**Exercise goal**
In the entries below, find the line with "My Stepmothers Friends Chapter 137 Page 14" and the line with "Toyota Proace City". Print those two and everything between them exactly, and nothing else.
Segment Open
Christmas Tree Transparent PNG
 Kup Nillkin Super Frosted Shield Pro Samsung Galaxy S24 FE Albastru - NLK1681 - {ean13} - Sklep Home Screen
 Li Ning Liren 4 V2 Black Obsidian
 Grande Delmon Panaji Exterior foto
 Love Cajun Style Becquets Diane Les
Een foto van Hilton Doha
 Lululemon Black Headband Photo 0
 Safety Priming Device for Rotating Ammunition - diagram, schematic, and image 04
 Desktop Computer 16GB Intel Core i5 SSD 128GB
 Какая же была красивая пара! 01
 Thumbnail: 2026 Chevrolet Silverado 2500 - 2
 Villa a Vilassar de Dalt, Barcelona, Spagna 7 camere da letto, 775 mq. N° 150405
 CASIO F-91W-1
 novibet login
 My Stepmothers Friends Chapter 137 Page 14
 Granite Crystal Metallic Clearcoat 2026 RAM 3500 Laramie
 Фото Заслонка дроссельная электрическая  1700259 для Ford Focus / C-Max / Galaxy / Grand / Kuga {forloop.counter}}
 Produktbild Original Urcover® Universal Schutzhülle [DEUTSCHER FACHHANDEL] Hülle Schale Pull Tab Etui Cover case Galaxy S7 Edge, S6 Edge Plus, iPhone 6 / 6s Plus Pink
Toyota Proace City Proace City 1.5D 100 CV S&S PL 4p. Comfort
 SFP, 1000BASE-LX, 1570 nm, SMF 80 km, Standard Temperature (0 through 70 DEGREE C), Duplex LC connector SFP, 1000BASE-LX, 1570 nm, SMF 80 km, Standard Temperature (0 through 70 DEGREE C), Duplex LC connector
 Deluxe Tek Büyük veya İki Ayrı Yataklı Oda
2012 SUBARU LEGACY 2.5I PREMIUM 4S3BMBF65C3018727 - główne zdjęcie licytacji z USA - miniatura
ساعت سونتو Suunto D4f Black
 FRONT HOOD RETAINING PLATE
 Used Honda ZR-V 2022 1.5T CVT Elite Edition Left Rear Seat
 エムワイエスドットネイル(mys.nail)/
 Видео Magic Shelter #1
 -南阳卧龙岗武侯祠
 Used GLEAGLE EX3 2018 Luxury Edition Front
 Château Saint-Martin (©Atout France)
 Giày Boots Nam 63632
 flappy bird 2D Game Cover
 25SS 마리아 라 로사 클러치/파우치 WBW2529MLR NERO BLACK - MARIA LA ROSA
Segment Closed
**Solution to this task**
 My Stepmothers Friends Chapter 137 Page 14
 Granite Crystal Metallic Clearcoat 2026 RAM 3500 Laramie
 Фото Заслонка дроссельная электрическая  1700259 для Ford Focus / C-Max / Galaxy / Grand / Kuga {forloop.counter}}
 Produktbild Original Urcover® Universal Schutzhülle [DEUTSCHER FACHHANDEL] Hülle Schale Pull Tab Etui Cover case Galaxy S7 Edge, S6 Edge Plus, iPhone 6 / 6s Plus Pink
Toyota Proace City Proace City 1.5D 100 CV S&S PL 4p. Comfort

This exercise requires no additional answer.